• WHAT THIS TASK INVOLVES: Exactly as written, output each of the lines below, with no images.
### DATA TO EXAMINE
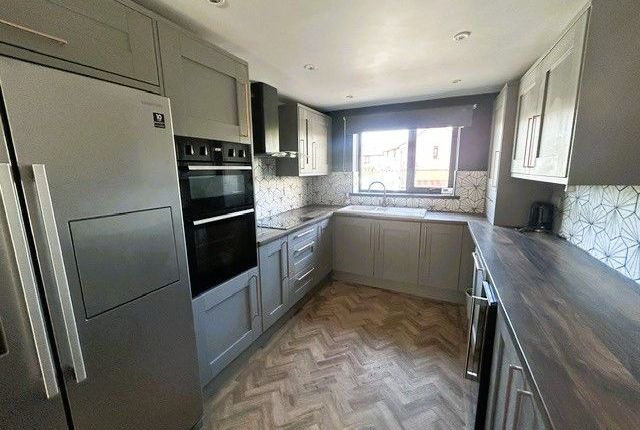 15 Juniper Close, Porthcawl photo 2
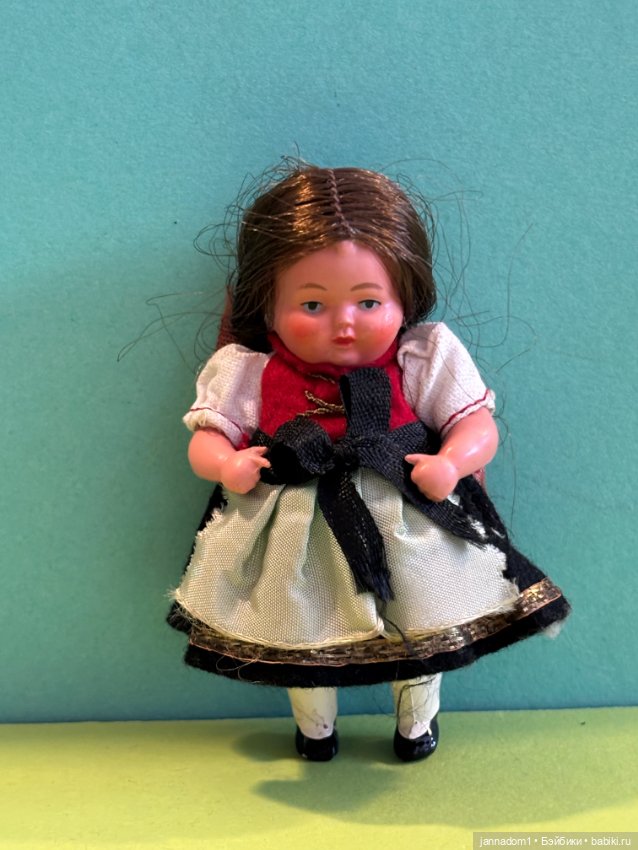 Целлулоидная куколка с косичками Schildkrot, высота 8 см (фото 2)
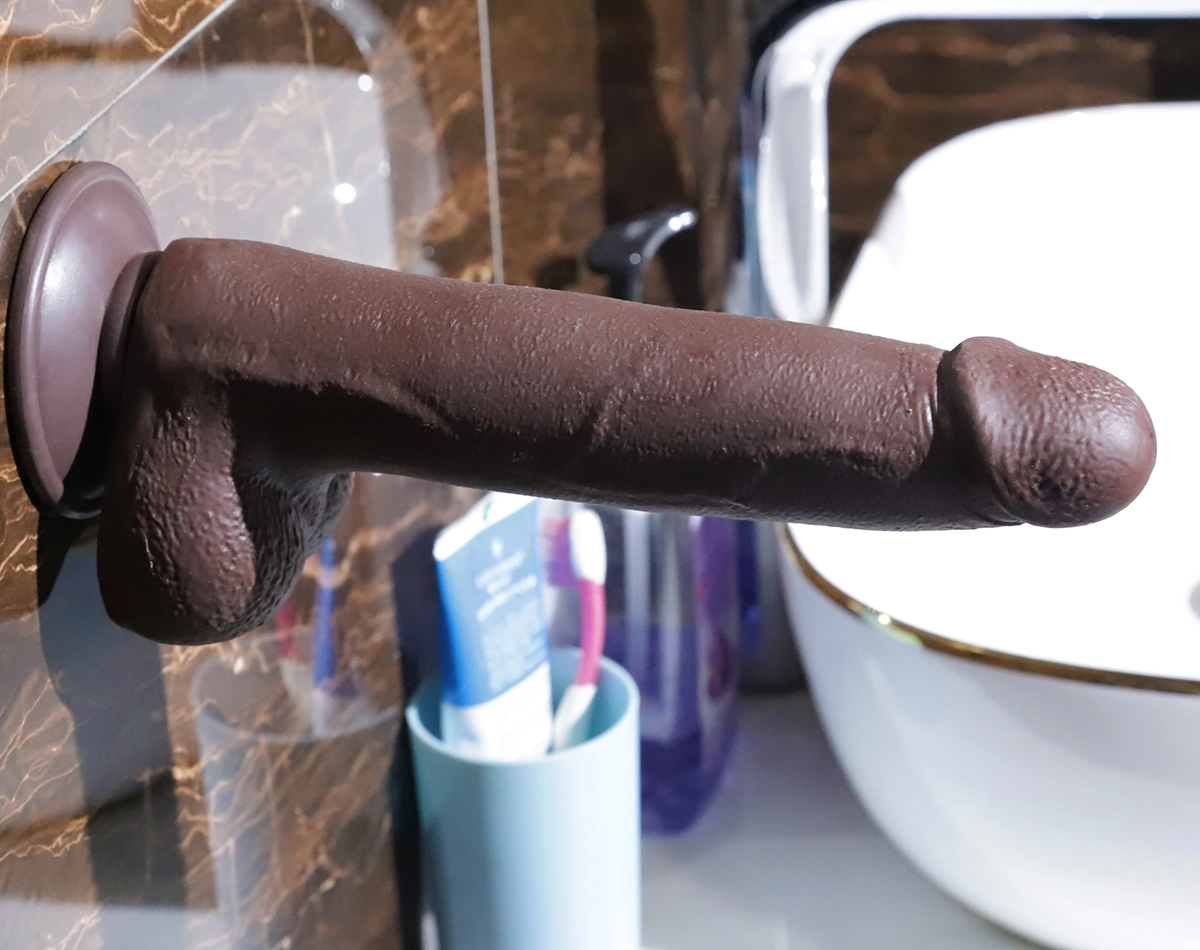 Lovetoy Dương vật giả 8.5 inch cao cấp trượt mềm mại hút mắt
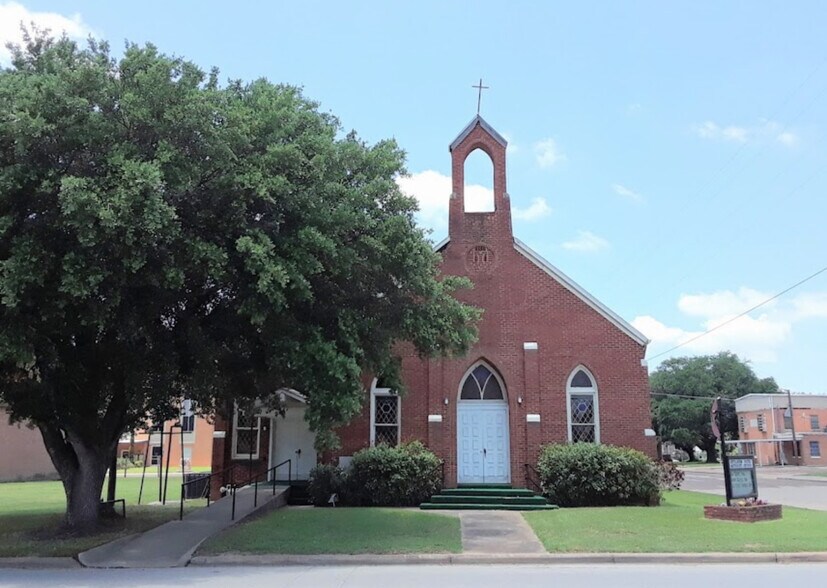 715 8th st, Hempstead, TX à vendre - Photo de l’immeuble – Image 2 sur 4
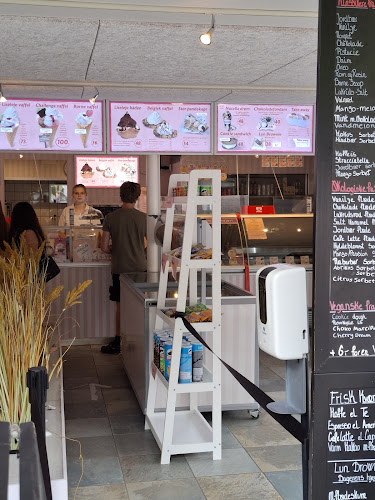 Isbaren Liseleje vaffelbageri minigolf - Liseleje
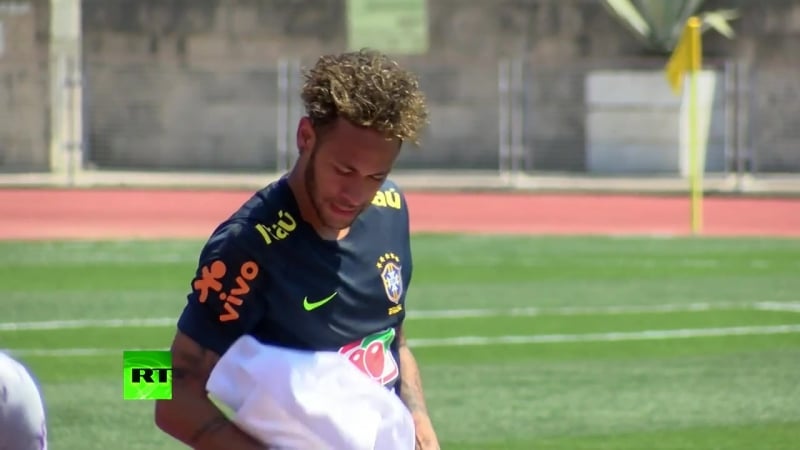 Мука и куриные яйца от неймара футболист необычным образом поздравил партнёров по сборной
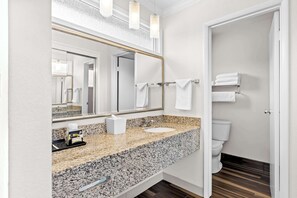 Free toiletries, hair dryer, towels - Best Western Garden Inn (Santa Rosa)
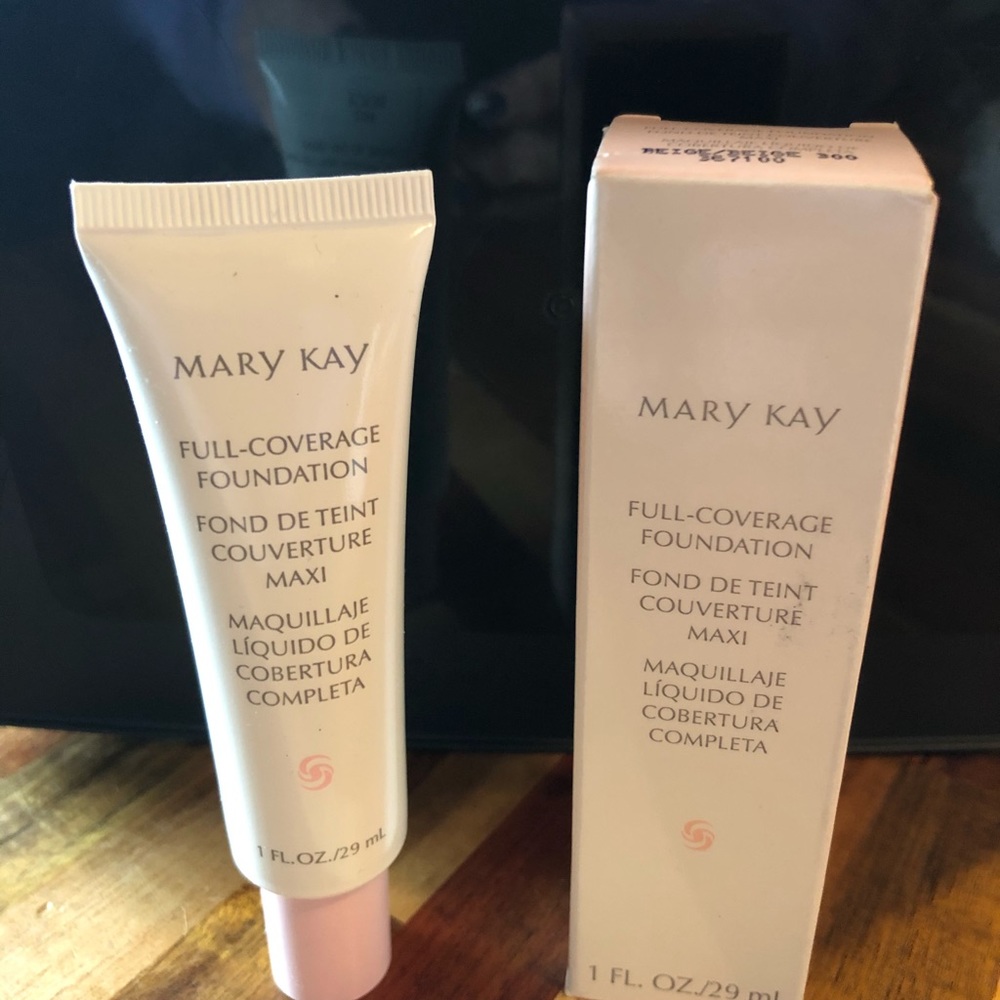 Mary Kay Full Coverage Foundation Beige 300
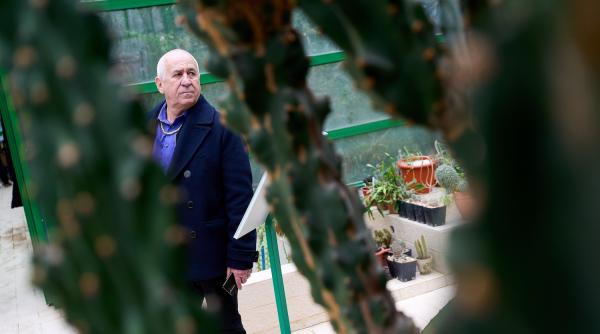 ne au lipsit banii patinele mele erau doua bucati de sarma groase george mihaita amintiri din copilarie radeau profesorii si curgeau notele de 4 o bucurie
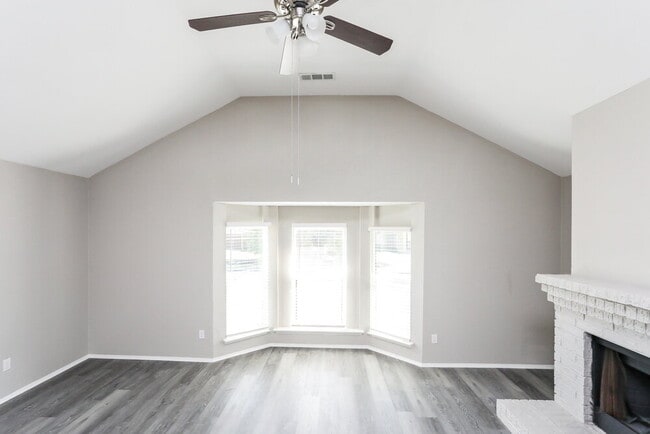 Building Photo - 1329 Planters Rd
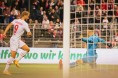 Aktionen Stiftung 1. FC Köln und DEVK: Sebastian Andersson vor dem gegnerischen Tor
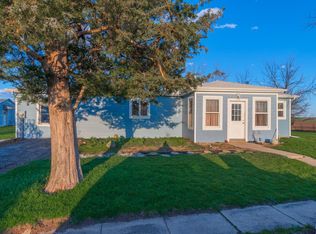 731 20th St, El Paso, IL 61738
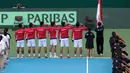 Para petenis Indonesia memberikan hormat saat lagu Indonesia Raya pada pembukaan Piala Davis 2018 grup dua Asia/Oceania di Senayan, Jakarta, Sabtu (3/2/2018). (Bola.com/Nick Hanoatubun)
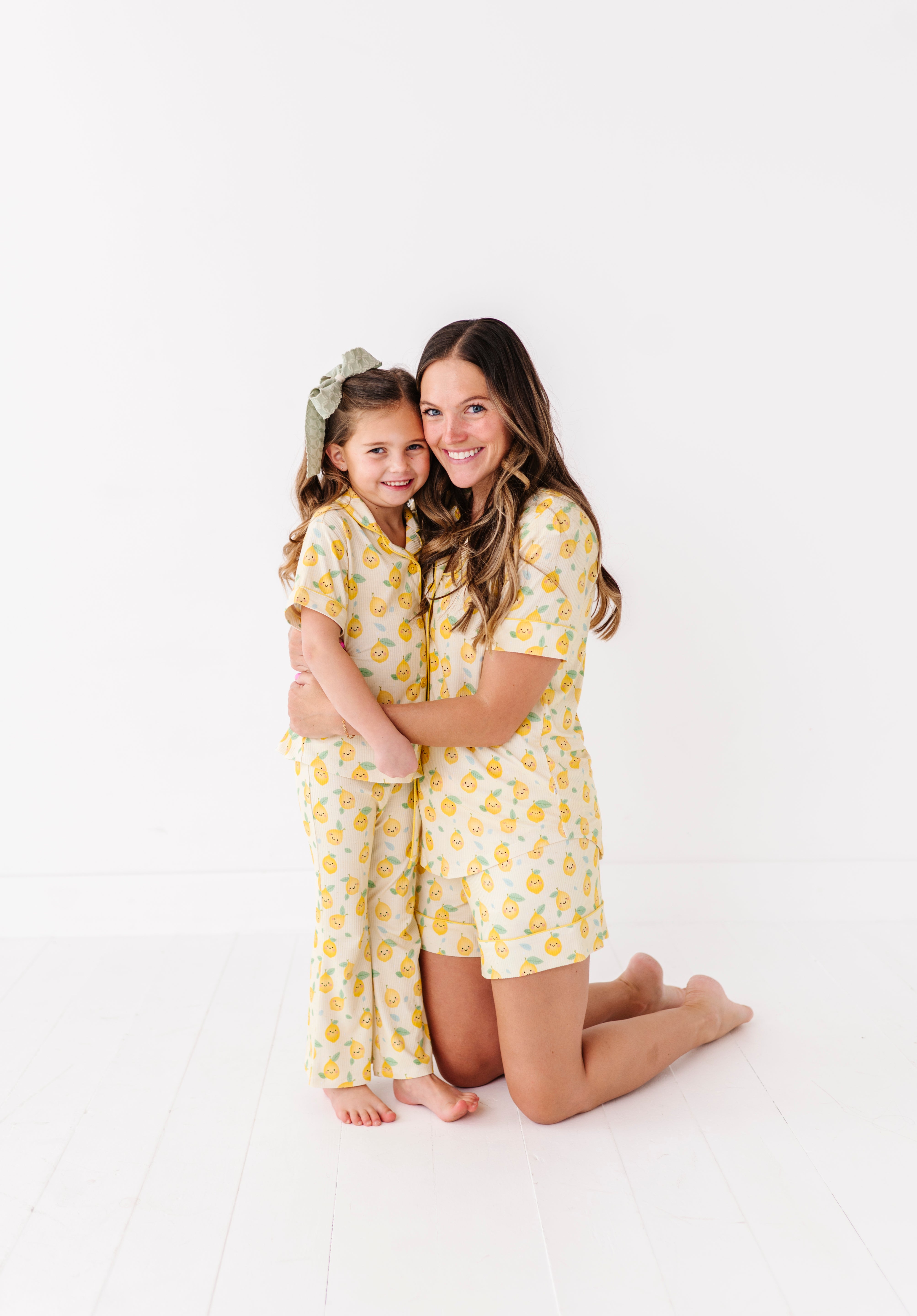 Happy Lemon Women's Short Set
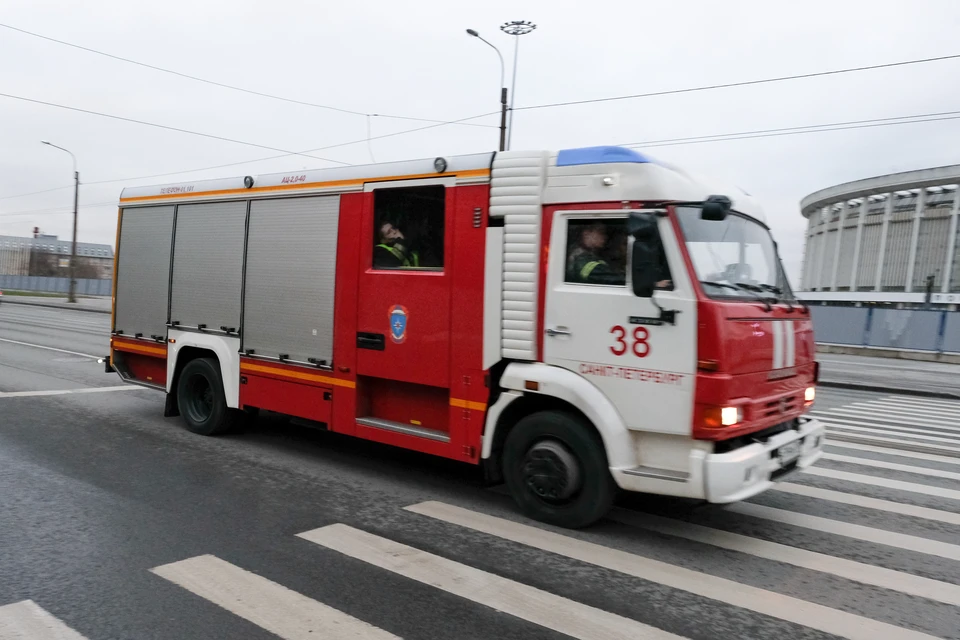 Пожар начался около часу ночи.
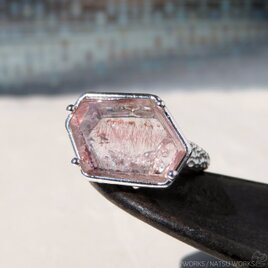 ゲーサイト in クォーツ リング / Goethite in Quartz Ringの画像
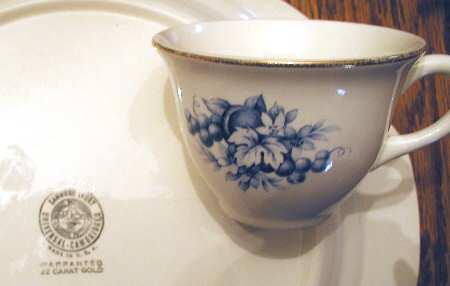 UNI174 Footed Cup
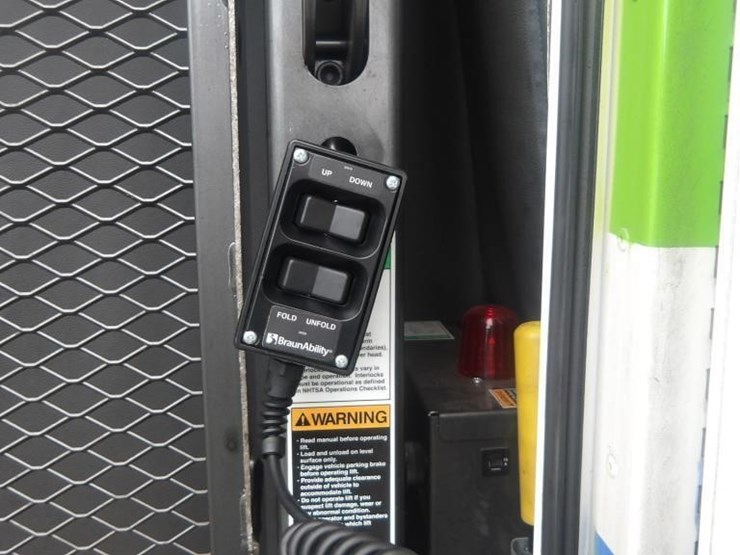 2016-ford-e450-image-15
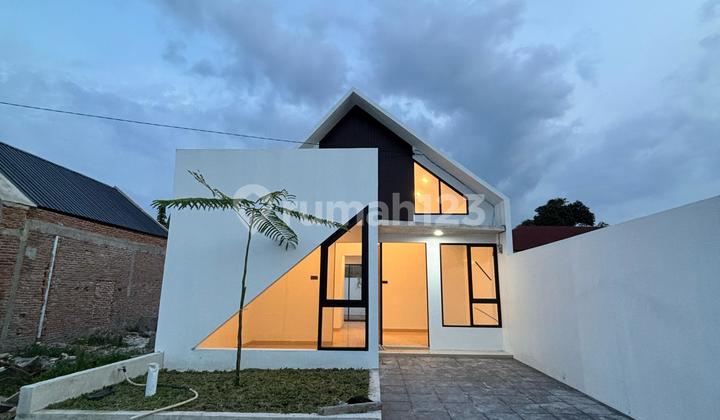 Rumah Keren Adhinata Privat Residence Medan 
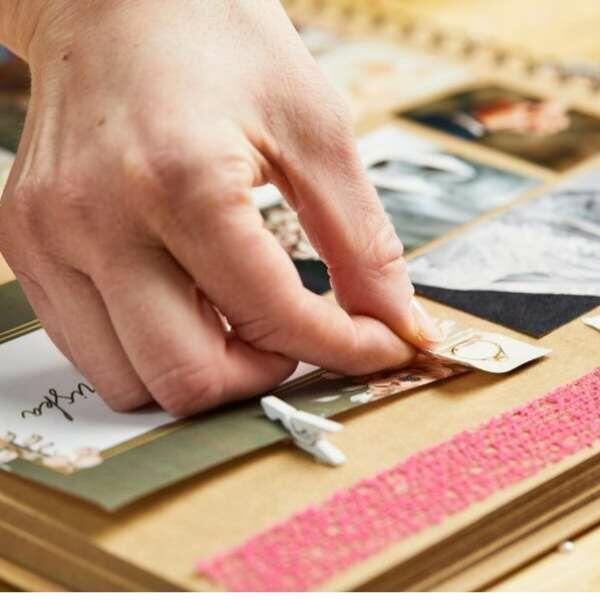 UK extra strong glu dots 1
######
• SOLUTION:
 15 Juniper Close, Porthcawl photo 2
 Целлулоидная куколка с косичками Schildkrot, высота 8 см (фото 2)
 Lovetoy Dương vật giả 8.5 inch cao cấp trượt mềm mại hút mắt
 715 8th st, Hempstead, TX à vendre - Photo de l’immeuble – Image 2 sur 4
 Isbaren Liseleje vaffelbageri minigolf - Liseleje
 Мука и куриные яйца от неймара футболист необычным образом поздравил партнёров по сборной
 Free toiletries, hair dryer, towels - Best Western Garden Inn (Santa Rosa)
 Mary Kay Full Coverage Foundation Beige 300
 ne au lipsit banii patinele mele erau doua bucati de sarma groase george mihaita amintiri din copilarie radeau profesorii si curgeau notele de 4 o bucurie
 Building Photo - 1329 Planters Rd
 Aktionen Stiftung 1. FC Köln und DEVK: Sebastian Andersson vor dem gegnerischen Tor
 731 20th St, El Paso, IL 61738
 Para petenis Indonesia memberikan hormat saat lagu Indonesia Raya pada pembukaan Piala Davis 2018 grup dua Asia/Oceania di Senayan, Jakarta, Sabtu (3/2/2018). (Bola.com/Nick Hanoatubun)
 Happy Lemon Women's Short Set
 Пожар начался около часу ночи.
 ゲーサイト in クォーツ リング / Goethite in Quartz Ringの画像
 UNI174 Footed Cup
 2016-ford-e450-image-15
 Rumah Keren Adhinata Privat Residence Medan 
 UK extra strong glu dots 1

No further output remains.